Tuesday, September 29, 2015

Chris Hedges. Transcript. David Swanson. CrossTalk. 01 May 2015.




1.       Lavelle: Hello, and welcome to CrossTalk, where all things are considered. I’m Peter Lavelle. Over the past year, CrossTalk have asked our guests many times whether we have the spectre of a new Cold War. Today, it is all too obvious that there is a new Cold War. What needs to be asked now are the conditions and terms of this conflict and its possible outcomes. [break] To cross-talk the new Cold War, I’m joined by my guests, Chris Hedges in New York, [] also in Providence, we cross to Vladimir Golstein, he’s an associate professor of Slavic Studies at Brown University. All right gentlemen, CrossTalk rules, and that means you can jump in any time you want. I very much encourage it. Chris, if I can go to you first. I do believe now the events being played out with Washington sending more equipment to NATO’s allies in Europe right to Russia’s border here. We are in a new Cold War without the Ideology but it is a conflict between the West and Russia. And I’d like to quote John McCain, I don’t usually do this on this programme, he said in his recent op-ed, “No one in the West wants to return to the Cold War.” But the events being played out since the Coup d’État in Feburary of the last year in Kiev, it seems to me, and I’d like to know your opinion on it since I have you on this programme, that the West is doing everything possible that it can do to bring about a new Cold War and the conflict with Russia.

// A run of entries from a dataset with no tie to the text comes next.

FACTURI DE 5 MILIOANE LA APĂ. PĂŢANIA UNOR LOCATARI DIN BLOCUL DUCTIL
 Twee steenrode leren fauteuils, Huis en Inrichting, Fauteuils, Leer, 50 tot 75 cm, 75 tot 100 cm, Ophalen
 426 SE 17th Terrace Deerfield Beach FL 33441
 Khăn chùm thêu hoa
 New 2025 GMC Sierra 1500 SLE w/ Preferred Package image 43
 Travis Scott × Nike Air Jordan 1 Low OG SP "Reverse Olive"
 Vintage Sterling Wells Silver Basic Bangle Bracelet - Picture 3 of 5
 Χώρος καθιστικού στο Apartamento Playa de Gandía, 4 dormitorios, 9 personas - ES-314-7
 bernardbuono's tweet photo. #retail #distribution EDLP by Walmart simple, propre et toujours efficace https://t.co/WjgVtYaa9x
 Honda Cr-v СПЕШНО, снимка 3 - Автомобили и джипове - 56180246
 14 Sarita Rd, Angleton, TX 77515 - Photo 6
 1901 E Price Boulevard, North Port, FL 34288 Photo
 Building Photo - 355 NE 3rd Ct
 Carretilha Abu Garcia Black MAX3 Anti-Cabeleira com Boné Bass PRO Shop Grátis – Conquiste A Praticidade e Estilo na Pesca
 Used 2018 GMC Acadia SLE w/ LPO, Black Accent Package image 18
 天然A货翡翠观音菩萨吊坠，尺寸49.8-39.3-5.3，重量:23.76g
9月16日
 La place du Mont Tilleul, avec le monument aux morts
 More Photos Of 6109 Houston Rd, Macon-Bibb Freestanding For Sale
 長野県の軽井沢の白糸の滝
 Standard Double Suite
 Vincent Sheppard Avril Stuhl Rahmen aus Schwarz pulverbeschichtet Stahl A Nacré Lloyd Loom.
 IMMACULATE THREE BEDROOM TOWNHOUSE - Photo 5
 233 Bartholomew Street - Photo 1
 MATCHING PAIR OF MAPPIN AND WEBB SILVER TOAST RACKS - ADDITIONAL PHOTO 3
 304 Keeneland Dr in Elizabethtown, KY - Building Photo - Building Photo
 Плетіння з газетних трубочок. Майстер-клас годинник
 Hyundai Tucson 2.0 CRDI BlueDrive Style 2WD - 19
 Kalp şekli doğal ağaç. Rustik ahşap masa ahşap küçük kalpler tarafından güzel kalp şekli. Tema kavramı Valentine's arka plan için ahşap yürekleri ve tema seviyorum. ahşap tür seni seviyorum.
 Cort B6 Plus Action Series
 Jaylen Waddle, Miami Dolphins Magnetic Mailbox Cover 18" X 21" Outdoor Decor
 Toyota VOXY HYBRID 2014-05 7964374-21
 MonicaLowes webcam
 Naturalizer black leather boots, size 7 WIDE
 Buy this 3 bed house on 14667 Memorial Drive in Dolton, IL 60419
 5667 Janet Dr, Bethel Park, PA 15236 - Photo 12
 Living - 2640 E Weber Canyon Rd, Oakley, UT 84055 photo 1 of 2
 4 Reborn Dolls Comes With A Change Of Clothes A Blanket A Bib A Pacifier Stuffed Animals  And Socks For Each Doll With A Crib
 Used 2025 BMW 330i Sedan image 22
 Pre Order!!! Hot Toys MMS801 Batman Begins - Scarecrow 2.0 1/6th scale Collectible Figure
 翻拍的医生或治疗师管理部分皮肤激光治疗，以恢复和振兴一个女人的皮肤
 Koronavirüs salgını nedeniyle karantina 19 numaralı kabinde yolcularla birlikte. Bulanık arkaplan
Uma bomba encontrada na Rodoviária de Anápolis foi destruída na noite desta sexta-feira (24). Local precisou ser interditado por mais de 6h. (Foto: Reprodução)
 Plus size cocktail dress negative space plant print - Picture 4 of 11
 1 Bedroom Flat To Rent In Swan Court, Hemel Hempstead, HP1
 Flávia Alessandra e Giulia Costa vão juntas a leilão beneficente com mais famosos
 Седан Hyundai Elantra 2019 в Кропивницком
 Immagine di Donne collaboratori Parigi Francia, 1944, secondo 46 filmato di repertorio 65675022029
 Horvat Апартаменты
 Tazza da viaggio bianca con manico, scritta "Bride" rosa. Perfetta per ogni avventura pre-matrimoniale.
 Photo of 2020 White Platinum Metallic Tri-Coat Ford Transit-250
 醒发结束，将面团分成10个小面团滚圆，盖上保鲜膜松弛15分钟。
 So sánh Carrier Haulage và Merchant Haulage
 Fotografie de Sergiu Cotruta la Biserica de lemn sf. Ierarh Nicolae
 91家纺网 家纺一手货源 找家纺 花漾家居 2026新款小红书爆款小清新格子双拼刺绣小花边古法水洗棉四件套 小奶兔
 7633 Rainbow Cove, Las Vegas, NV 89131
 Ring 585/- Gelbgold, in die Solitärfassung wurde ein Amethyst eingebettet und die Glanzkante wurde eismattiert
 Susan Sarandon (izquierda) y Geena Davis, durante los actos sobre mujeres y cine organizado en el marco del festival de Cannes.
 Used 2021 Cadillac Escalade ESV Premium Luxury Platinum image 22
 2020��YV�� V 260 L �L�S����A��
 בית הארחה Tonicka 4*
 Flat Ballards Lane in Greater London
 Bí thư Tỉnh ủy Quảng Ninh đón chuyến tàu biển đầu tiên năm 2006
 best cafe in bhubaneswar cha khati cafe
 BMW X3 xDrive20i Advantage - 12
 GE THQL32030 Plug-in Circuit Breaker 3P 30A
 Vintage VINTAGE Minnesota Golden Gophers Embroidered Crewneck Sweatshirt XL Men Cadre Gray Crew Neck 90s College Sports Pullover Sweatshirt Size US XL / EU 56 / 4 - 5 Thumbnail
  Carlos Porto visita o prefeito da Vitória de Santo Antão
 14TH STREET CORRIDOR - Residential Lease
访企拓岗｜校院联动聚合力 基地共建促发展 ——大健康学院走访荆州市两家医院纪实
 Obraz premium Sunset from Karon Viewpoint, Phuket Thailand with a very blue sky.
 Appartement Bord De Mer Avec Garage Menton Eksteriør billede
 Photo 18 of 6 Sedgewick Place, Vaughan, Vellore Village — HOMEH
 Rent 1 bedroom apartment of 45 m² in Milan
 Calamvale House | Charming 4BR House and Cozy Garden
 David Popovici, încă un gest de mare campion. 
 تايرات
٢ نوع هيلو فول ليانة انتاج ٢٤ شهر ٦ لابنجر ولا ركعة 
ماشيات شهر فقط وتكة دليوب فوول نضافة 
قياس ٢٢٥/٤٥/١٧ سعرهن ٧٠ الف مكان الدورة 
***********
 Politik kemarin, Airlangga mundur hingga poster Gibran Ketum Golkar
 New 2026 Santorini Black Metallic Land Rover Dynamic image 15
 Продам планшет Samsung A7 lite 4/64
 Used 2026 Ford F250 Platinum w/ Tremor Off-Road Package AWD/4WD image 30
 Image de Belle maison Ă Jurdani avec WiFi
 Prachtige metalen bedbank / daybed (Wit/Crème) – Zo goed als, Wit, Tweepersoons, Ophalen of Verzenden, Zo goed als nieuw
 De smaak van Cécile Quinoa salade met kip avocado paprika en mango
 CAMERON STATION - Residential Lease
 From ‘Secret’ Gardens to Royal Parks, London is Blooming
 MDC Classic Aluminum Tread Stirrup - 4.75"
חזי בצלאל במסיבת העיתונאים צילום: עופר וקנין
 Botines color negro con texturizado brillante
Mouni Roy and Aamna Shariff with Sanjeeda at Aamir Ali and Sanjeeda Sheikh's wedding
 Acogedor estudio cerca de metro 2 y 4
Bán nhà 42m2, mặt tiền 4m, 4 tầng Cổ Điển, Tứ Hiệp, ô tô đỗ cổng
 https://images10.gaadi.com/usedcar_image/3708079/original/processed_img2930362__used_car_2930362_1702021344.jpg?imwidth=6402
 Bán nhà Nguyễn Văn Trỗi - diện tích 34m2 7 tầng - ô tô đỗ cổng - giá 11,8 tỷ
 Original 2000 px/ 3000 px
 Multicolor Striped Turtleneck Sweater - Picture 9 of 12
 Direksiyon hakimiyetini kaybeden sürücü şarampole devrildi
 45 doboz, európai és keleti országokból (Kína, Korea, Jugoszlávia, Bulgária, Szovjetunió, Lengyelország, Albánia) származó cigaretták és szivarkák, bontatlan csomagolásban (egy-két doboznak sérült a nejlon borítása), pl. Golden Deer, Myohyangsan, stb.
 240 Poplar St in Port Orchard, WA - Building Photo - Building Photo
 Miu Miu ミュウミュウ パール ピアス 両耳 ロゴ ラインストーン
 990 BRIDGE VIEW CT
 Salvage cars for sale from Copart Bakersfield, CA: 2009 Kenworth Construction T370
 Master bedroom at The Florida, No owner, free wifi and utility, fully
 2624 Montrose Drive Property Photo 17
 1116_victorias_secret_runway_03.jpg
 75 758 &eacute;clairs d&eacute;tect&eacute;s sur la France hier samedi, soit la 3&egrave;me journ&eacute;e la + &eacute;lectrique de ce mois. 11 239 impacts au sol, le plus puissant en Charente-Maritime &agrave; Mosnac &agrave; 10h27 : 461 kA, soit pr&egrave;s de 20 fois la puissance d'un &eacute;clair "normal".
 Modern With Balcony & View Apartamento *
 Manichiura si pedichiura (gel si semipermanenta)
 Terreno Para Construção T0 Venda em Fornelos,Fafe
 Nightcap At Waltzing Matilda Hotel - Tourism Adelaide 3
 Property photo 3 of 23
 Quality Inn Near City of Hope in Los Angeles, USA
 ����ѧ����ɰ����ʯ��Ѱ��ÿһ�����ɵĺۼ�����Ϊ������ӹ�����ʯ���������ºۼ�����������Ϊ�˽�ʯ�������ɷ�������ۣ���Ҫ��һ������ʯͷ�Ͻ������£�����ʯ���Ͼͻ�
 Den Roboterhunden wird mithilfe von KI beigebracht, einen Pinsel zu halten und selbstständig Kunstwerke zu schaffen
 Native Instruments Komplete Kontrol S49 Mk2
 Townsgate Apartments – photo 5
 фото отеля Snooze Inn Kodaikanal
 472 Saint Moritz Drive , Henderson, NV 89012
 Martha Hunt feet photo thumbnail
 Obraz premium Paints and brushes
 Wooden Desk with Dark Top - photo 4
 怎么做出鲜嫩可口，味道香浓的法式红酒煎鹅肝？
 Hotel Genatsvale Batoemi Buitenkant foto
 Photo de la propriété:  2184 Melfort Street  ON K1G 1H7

2.       Hedges: Exactly. You know, it’s tragic, what’s happened. There was an understanding that was reached at the end of the so-called initial Cold War between Gorbachev and Reagan, a kind of mutual cooperation. And we saw right after 9/11 a betrayal, orchestrated by the Bush administration, but the Ideological roots of it were really set by the Clinton administration, in particular Strobe Talbott. The belief that nothing could stand in the way of American Hegemony throughout the World, that it could do whatever it wanted. This is what’s created what I would call imperial overreach in the Middle East, in the Eastern Europe and in Ukraine. An utter insensitivity to the Rights and demands of innumerable countries, starting with Iraq, but going all the way back to Moscow. And we saw right after 9/11 how this worked out. After the attacks of 9/11, Putin offered all sorts of assistance and help to the Bush administration, including connecting US with the northern alliance, which was allied with Russia, allowing overflights, and what the Bush administration did in response is it turned around and expanded NATO, although Reagan had promised Gorbachev the expansion of NATO would end in the East Germany, and it walked out on the Anti-Ballistic Missile Treaty
3.       Lavelle: In 2002.
4.       that precipiated the crises that we’re undergoing right now. So it is an extention the old Cold War, but I think, more importantly, it is a betrayal of all the agreement Washington had made with Moscow.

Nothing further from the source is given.